=== INPUT DATA ===
* * * * * * *
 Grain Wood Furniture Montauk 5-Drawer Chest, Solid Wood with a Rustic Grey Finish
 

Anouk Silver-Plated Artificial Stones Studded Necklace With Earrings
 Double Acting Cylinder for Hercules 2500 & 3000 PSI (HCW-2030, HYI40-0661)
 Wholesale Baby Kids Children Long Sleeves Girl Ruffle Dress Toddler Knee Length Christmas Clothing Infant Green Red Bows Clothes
* * * * * * *
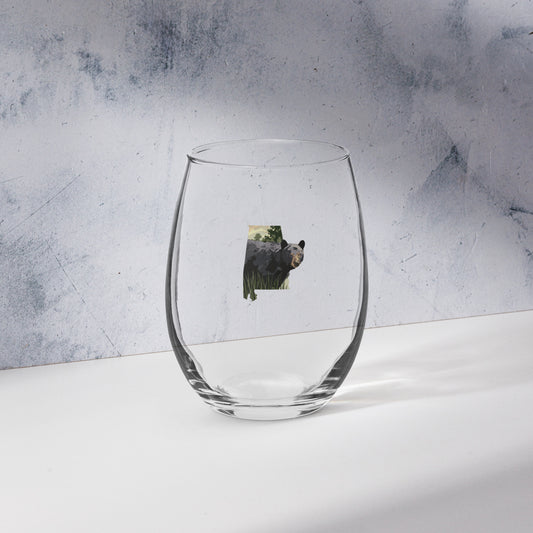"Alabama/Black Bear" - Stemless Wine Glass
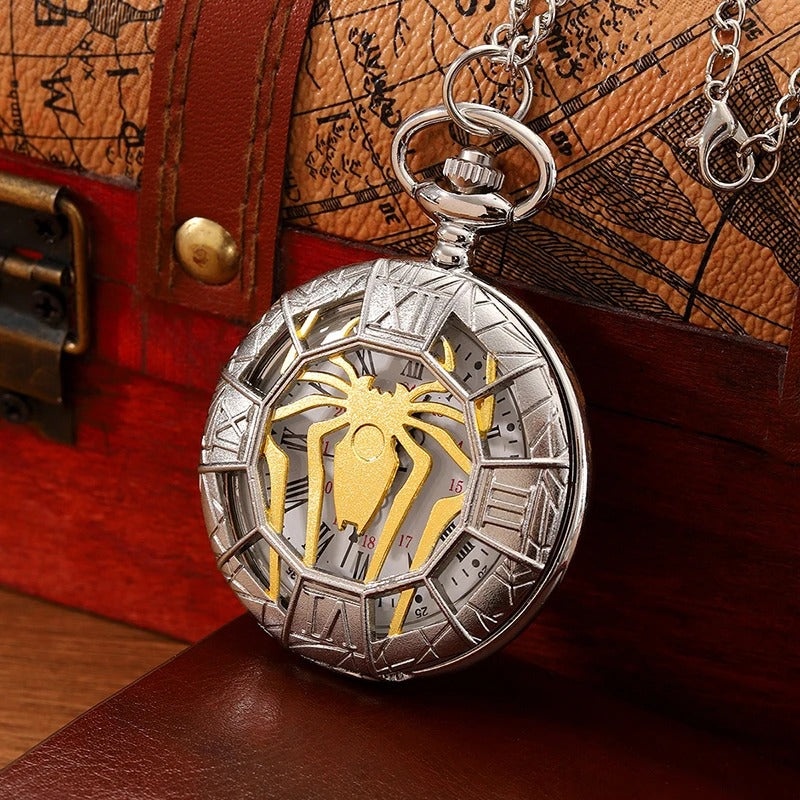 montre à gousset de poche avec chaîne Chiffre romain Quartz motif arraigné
* * * * * * *
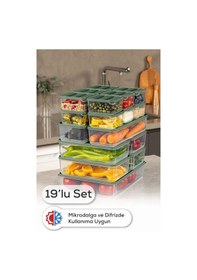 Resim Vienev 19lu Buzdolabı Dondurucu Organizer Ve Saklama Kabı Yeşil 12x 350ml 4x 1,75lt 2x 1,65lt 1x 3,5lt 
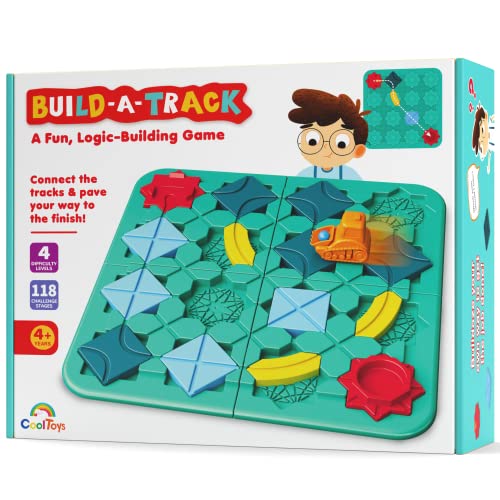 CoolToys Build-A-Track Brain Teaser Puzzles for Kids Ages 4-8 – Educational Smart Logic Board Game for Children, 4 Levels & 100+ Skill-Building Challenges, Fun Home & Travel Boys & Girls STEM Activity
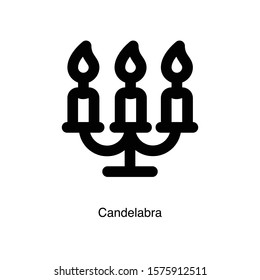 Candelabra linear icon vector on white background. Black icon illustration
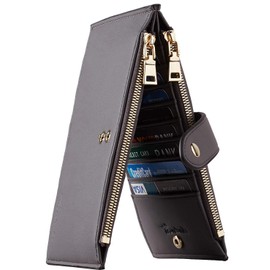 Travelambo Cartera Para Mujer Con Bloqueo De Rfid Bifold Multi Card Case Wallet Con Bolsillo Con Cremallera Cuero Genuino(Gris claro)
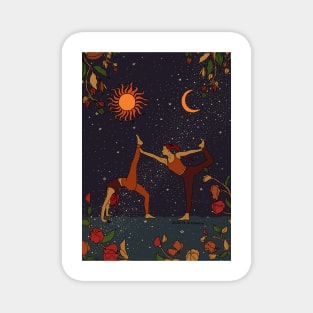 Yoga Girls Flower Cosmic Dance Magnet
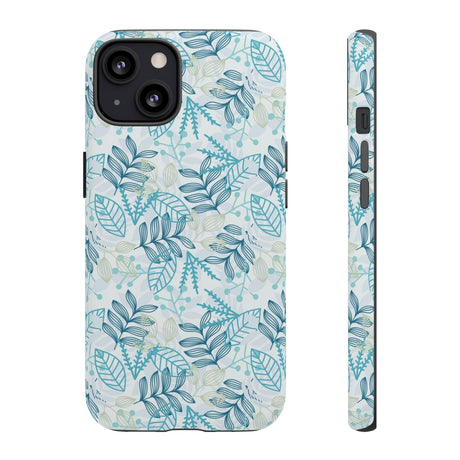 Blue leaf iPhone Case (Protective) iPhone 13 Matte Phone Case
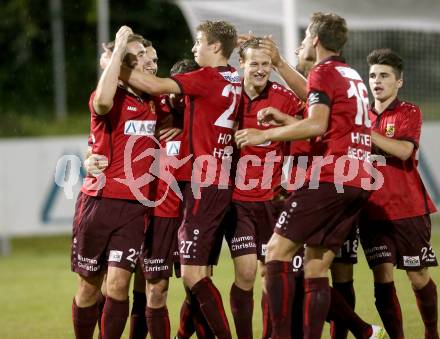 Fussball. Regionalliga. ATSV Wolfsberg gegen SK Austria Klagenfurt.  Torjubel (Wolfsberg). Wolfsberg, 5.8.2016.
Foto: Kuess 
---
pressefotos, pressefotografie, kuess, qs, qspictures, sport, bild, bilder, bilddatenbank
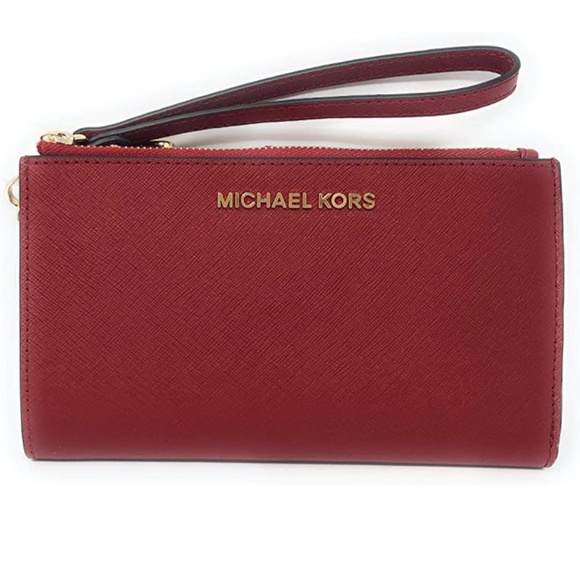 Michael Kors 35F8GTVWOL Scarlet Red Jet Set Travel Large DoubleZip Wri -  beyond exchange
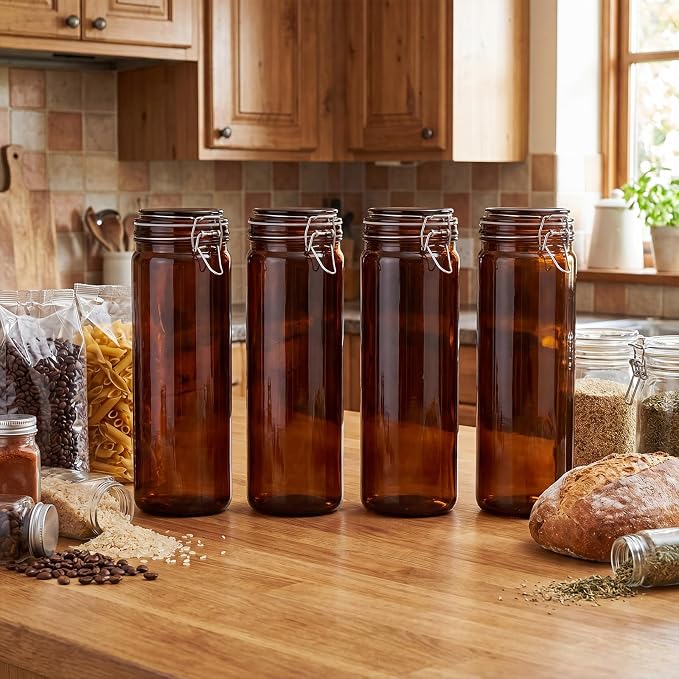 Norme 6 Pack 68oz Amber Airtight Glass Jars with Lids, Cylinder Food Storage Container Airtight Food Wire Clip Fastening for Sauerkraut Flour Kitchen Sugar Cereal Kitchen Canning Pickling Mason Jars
* * * * * * *
=== DIRECTIONS ===
Copy out exactly the material that runs from the line with "Blue leaf iPhone" to the line with "bild, bilder, bilddatenbank", ends included, and leave the pictures behind.

=== RESULT BELOW ===
 Blue leaf iPhone Case (Protective) iPhone 13 Matte Phone Case
 Fussball. Regionalliga. ATSV Wolfsberg gegen SK Austria Klagenfurt.  Torjubel (Wolfsberg). Wolfsberg, 5.8.2016.
Foto: Kuess 
---
pressefotos, pressefotografie, kuess, qs, qspictures, sport, bild, bilder, bilddatenbank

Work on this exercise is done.